Dentro dessa lógica, parece-me precipitado recriar a Secretaria de Estado de Defesa Civil (atividade gravada na Carta Magna como subsidiária à função principal dos corpos de bombeiros). Porque, tal como ocorre com a Polícia Militar e a Polícia Civil, − e existindo uma Secretaria de Estado de Segurança Pública, − o ideal seria subordinar o CBMERJ a esta pasta, passando a Defesa Civil a figurar como órgão independente e subordinado à Secretaria de Governo. Deste modo, a Defesa Civil ficaria próxima do governante, modelo predominante nos demais Estados Federados, além de consagrado em diversos Seminários Nacionais de Defesa Civil. É simples entender, a doutrina é cristalina: a Defesa Civil é muito mais que atividade de Bombeiros, e deve ser exercitada por equipe multidisciplinar governamental e não-governamental, integrada também pelos valorosos Soldados do Fogo.

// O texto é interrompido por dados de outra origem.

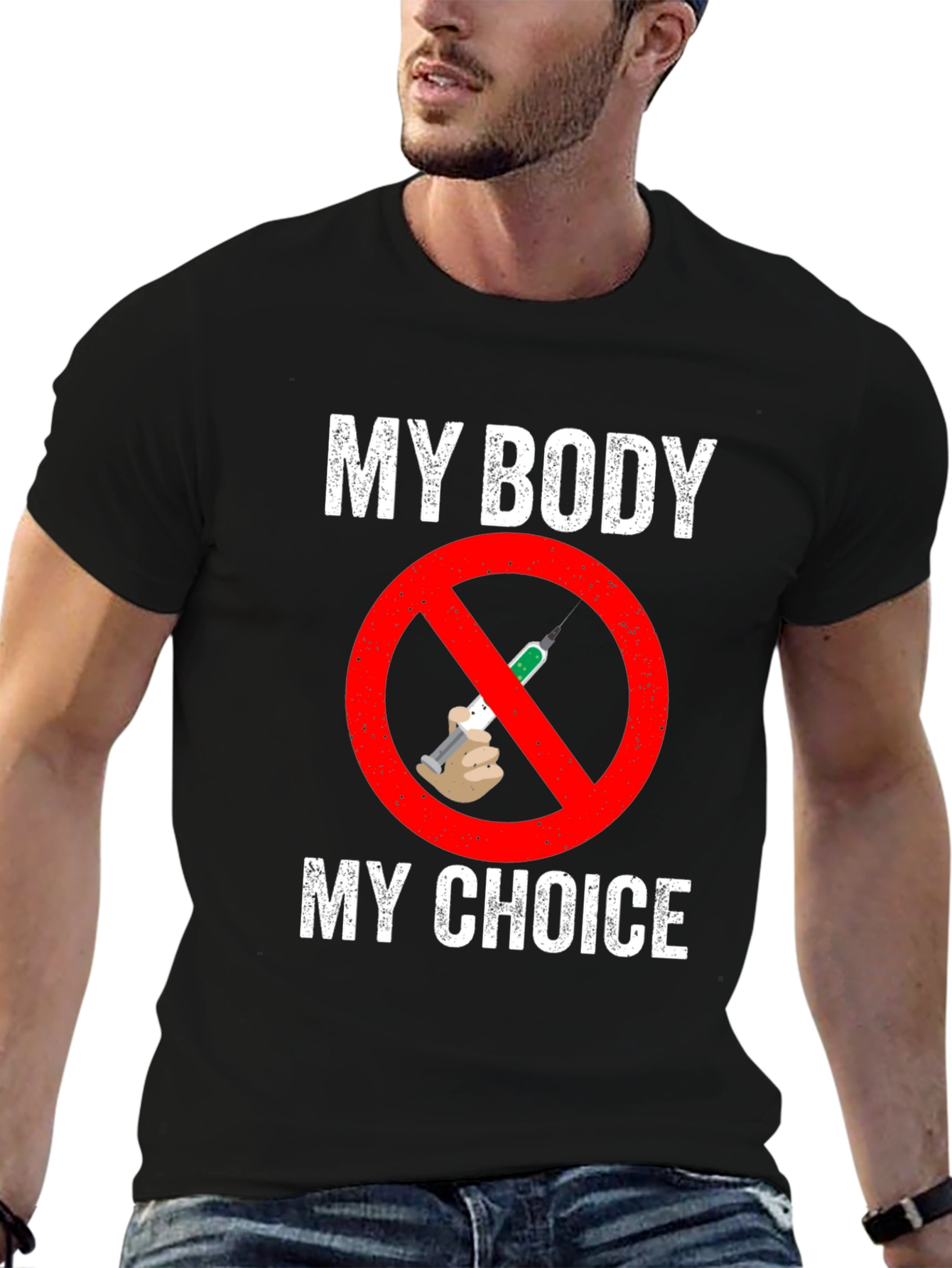 Black My Body, My Choice Anti-Vaccine T-Shirt view 6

A Secretaria de Estado de Defesa Civil é reedição de antiga invencionice. Renasce, segundo o vozeirão do governo, para demonstrar que o CBMERJ “está com prestígio”; ou seja, confessa que antes da crise o CBMERJ não gozava de prestígio algum, o que é a mais absoluta verdade. Mas a elevação do status político do CBMERJ em detrimento da Polícia Militar e da Polícia Civil tende a agravar o histórico divisionismo que permeia essas três instituições que, obrigatoriamente, deveriam estar no mesmo patamar de valor social e político. Sim, insisto, a Lei Maior grafa as duas instituições militares estaduais e a Polícia Civil como “organismos de segurança pública”. É só cumpri-la para evitar a sucessão de “achismos” que denotam desconhecimento do que sejam Segurança Pública e Defesa Civil no seu contexto legal e doutrinário. Contudo, − e de modo insólito, − o atual governo insiste em atropelar leis e doutrinas...

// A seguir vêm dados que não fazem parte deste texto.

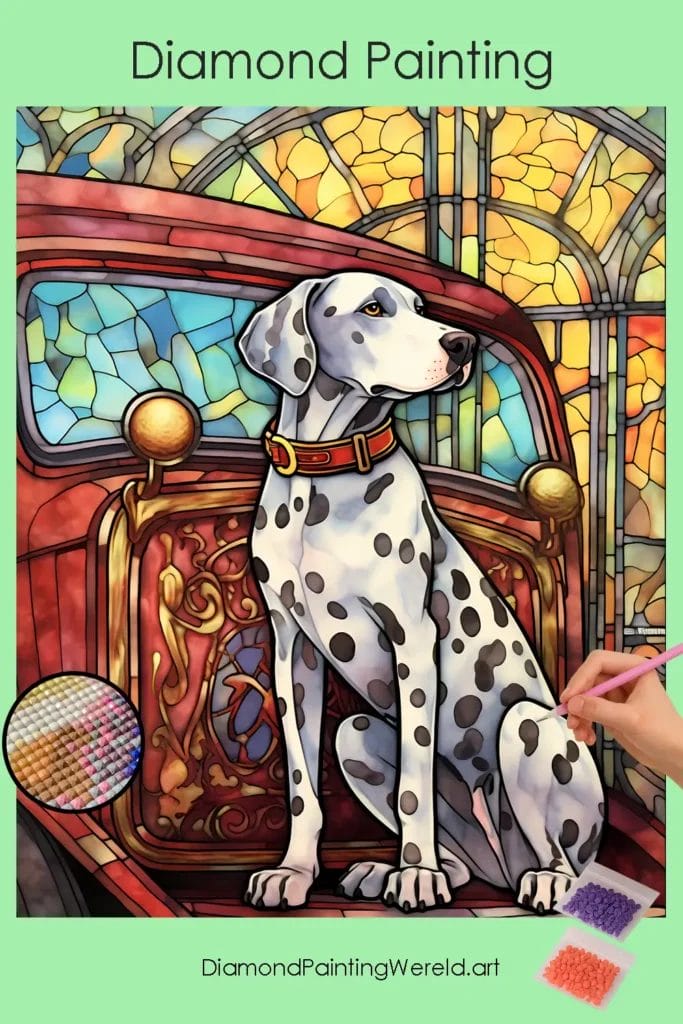 Dalmatian Dog Stained Glass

Ora, não mais cabe empurrar a sujeira para baixo do tapete governamental dando ao CBMERJ o status de secretaria de estado e reinventando gratificações somente para atender a alguns, manobra frequente do governo no sentido de discriminar a maior parte da Tropa e acariciar aqueles que fazem a vontade do governante !... Na verdade, foram esses erros insistentes − e conscientes − que desaguaram no acirramento de ânimo dos bombeiros-militares, com o desfecho grave que ora assistimos em perplexidade: centenas de Bombeiros judicialmente acusados da prática de “crimes de guerra”...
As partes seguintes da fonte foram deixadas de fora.